*Task:* An exact copy of all the data, minus the images, is required.

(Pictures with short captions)
-=-=-=-=-

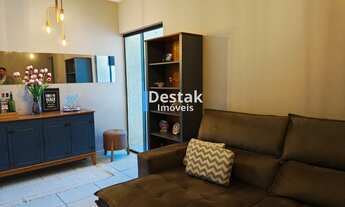 Imagem: 2 dormitórios, 1 suítes, 1 vaga na garagem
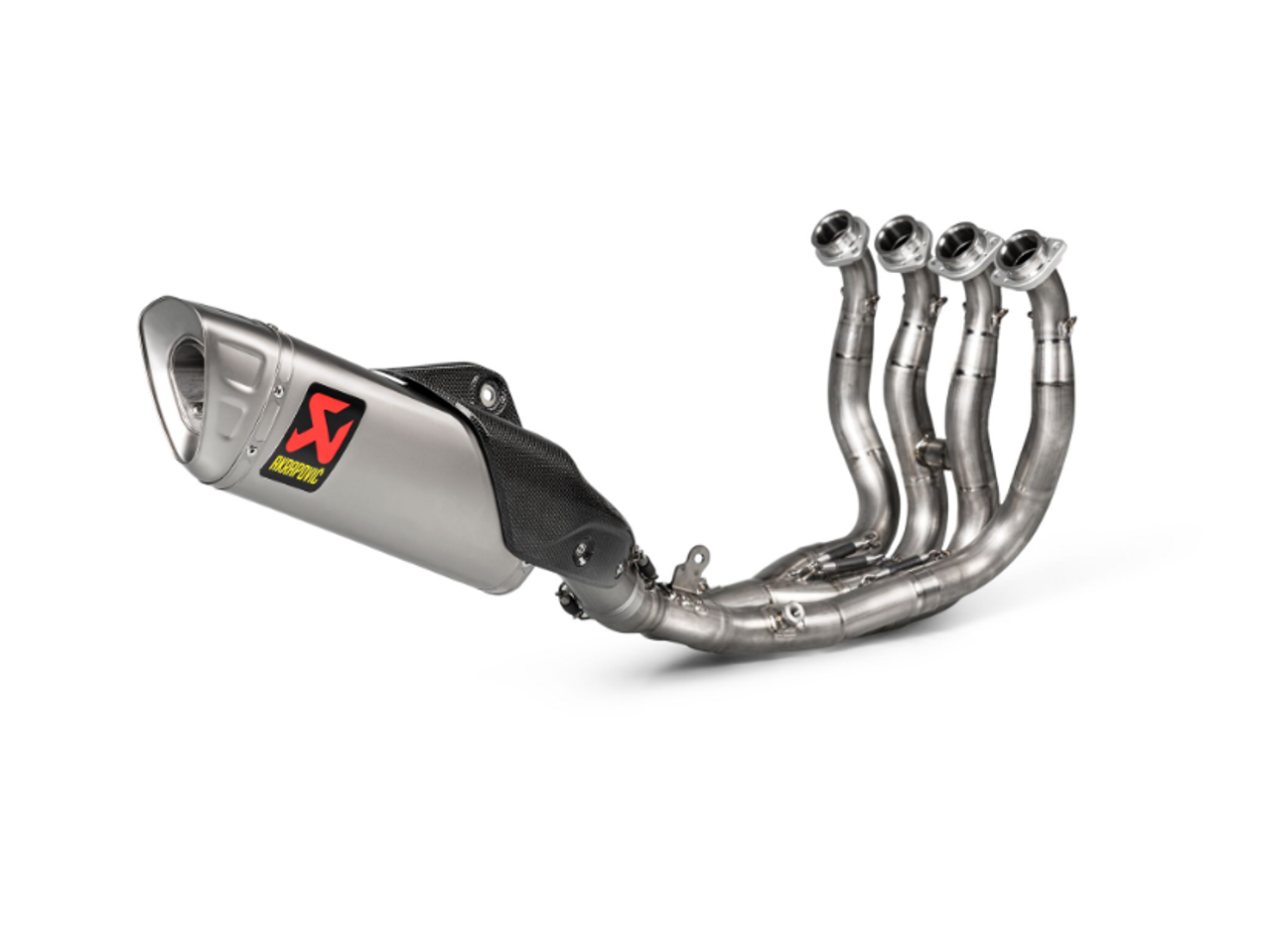 Akrapovic Racing GP Exhaust System Yamaha YZF-R1 (15-24)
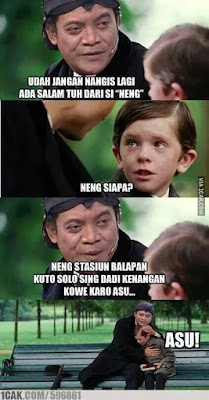 8 Meme 'Kenalan Tanya Nama' Ini Kocak Banget Bikin Ngakak Gak Karuan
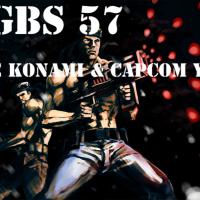 VGBS 57 – The Konami and Capcom Years (feat Rewind Mike)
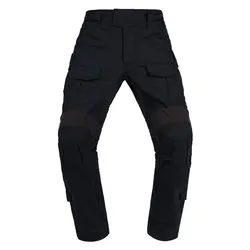 Pantalones tácticos Emersongear G3 Combat cargo con rodilleras nailon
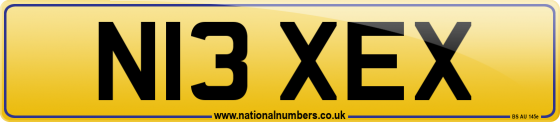 N13 XEX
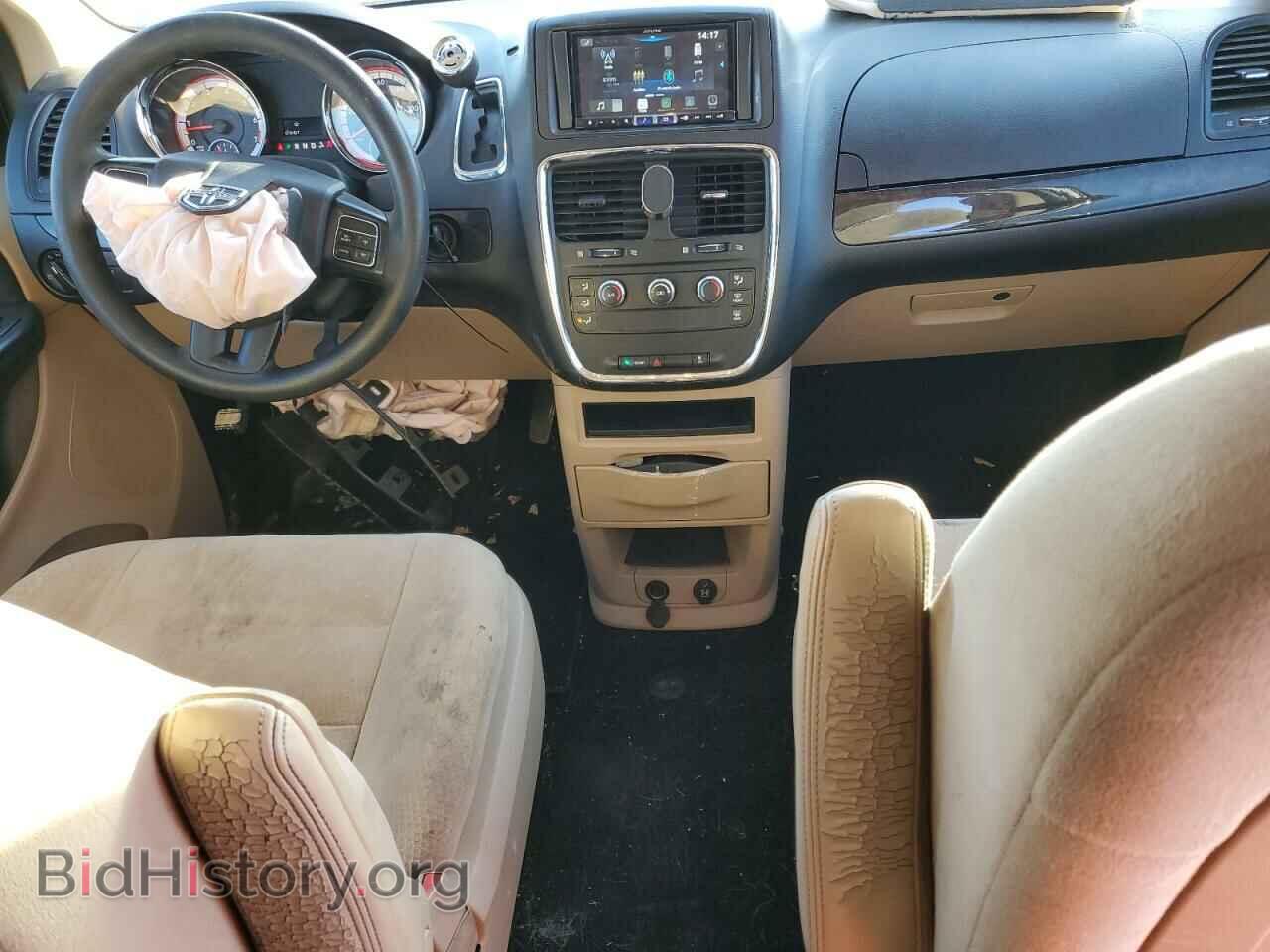 2016 DODGE CARAVAN - VIN: 2C4RDGBG5GR183989 - Photo 8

-=-=-=-=-

*Task response:*
 Imagem: 2 dormitórios, 1 suítes, 1 vaga na garagem
 Akrapovic Racing GP Exhaust System Yamaha YZF-R1 (15-24)
 8 Meme 'Kenalan Tanya Nama' Ini Kocak Banget Bikin Ngakak Gak Karuan
 VGBS 57 – The Konami and Capcom Years (feat Rewind Mike)
 Pantalones tácticos Emersongear G3 Combat cargo con rodilleras nailon
 N13 XEX
 2016 DODGE CARAVAN - VIN: 2C4RDGBG5GR183989 - Photo 8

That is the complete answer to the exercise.